Au centre de ce désastre se trouve une jeune hématie qui vient à peine de commencer son travail. Sa mission paraît simple : transporter l’oxygène dans tout l’organisme. En pratique, les vaisseaux sont encombrés, les conditions de circulation sont catastrophiques et les collègues les plus expérimentés ressemblent déjà à des salariés qui ont oublié ce qu’était un week-end.
Heureusement, une leucocyte particulièrement redoutable veille elle aussi sur l’organisme. Enfin, « heureusement » dépend du point de vue. Pour les bactéries qui la croisent, la journée de travail se termine généralement assez brutalement.
Dans la série originale, les cellules défendent le corps. Ici, elles doivent aussi le défendre contre lui-même
Le principe reprend directement celui des Brigades Immunitaires : les différentes cellules deviennent des personnages et le corps humain se transforme en gigantesque lieu de travail.
Mais l’ambiance change complètement.
Dans la série d’Akane Shimizu, l’organisme subit des infections, des blessures ou des maladies et ses cellules se mobilisent pour y répondre. Dans Black, le terrain lui-même est déjà en mauvais état avant même que l’ennemi arrive.
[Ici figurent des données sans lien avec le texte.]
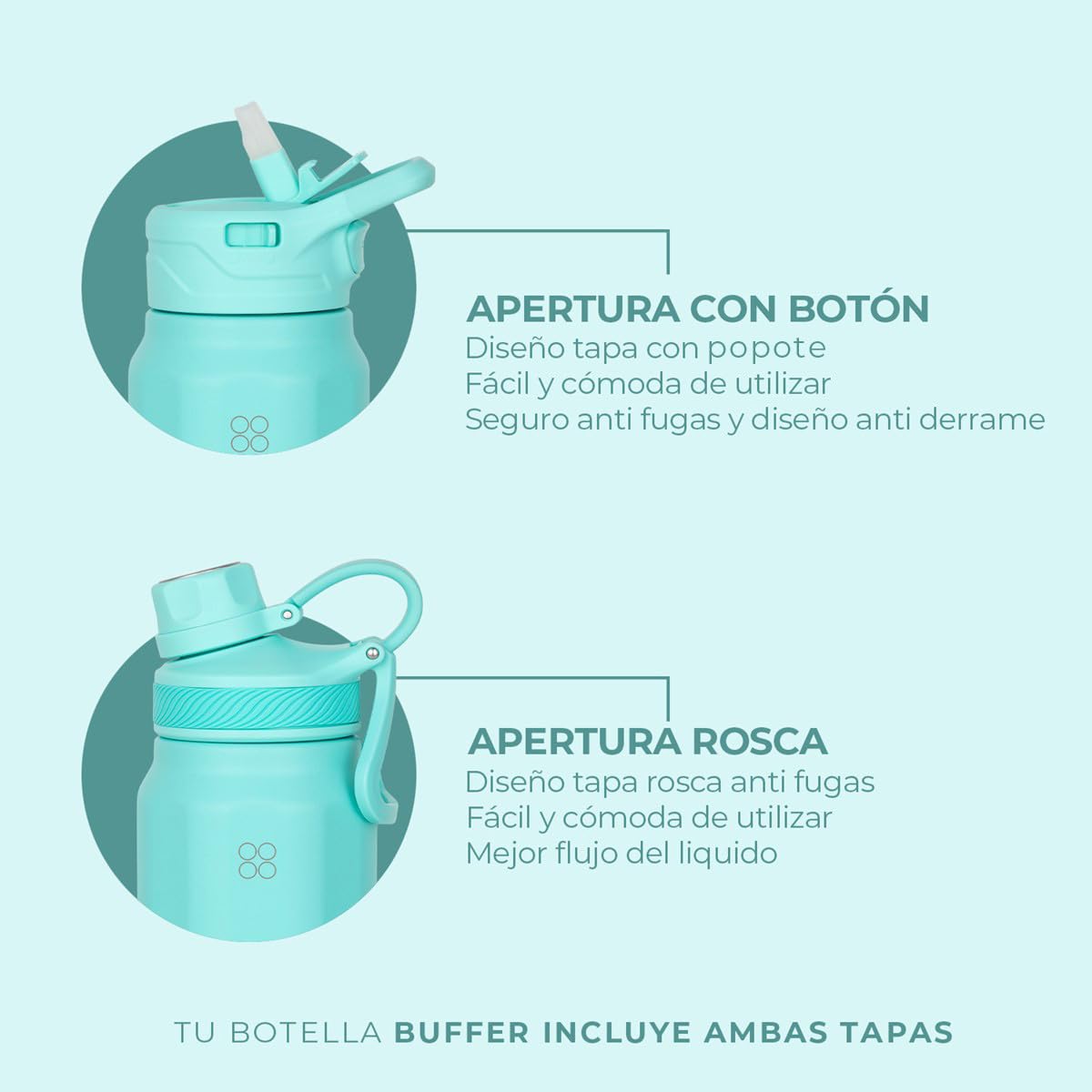 BUFFER FLASK - Termo de Acero Inoxidable | Botella Aislante para Bebidas, Agua Fría (24 horas) o Caliente (12 horas) | Antigoteo, Hermético| Incluye tapas (TURQUOISE, 700ml/24Oz)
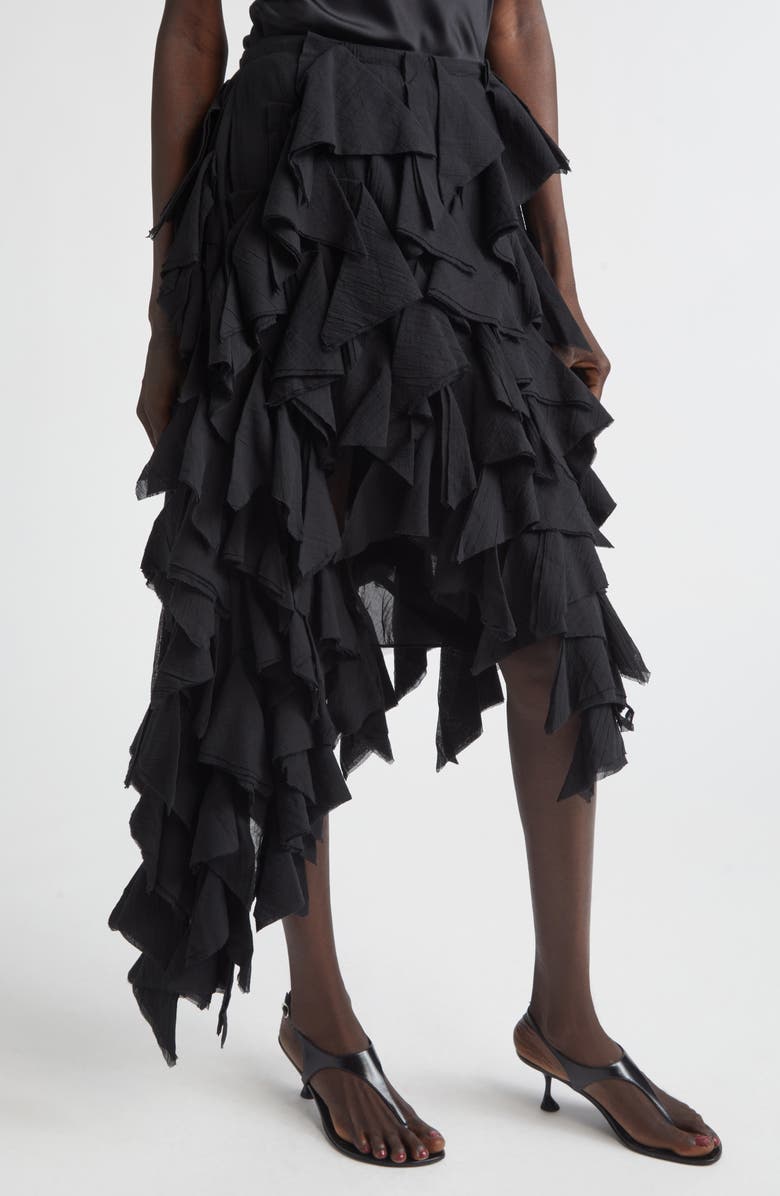 Diotima Cotton Handkerchief Skirt, Alternate, color, Black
Les globules rouges essaient de livrer leur oxygène dans des vaisseaux malmenés. Les cellules du foie doivent absorber les conséquences de l’alcool. Le système immunitaire affronte les microbes alors que stress et fatigue compliquent encore son travail.
Une bactérie arrive donc rarement au bon moment. Remarquez, pour la bactérie, le timing est excellent.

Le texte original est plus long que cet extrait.